↓↓↓
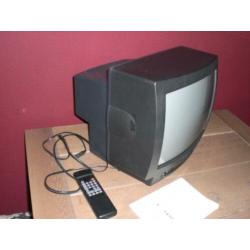 kleine Provision kleuren tv met afstandsbediening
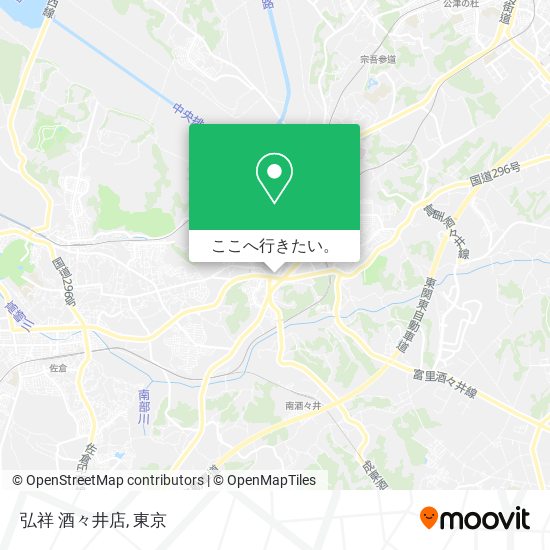 弘祥 酒々井店地図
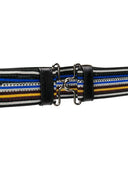 Prada Prada Striped Clasp Buckle Belt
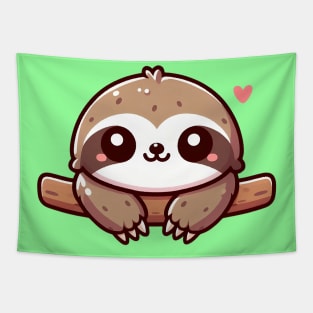 Charming Kawaii Sloth Tapestry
↑↑↑
Wherever an image sits in the data, omit it; everything else must be copied exactly.

 kleine Provision kleuren tv met afstandsbediening
 弘祥 酒々井店地図
 Prada Prada Striped Clasp Buckle Belt
 Charming Kawaii Sloth Tapestry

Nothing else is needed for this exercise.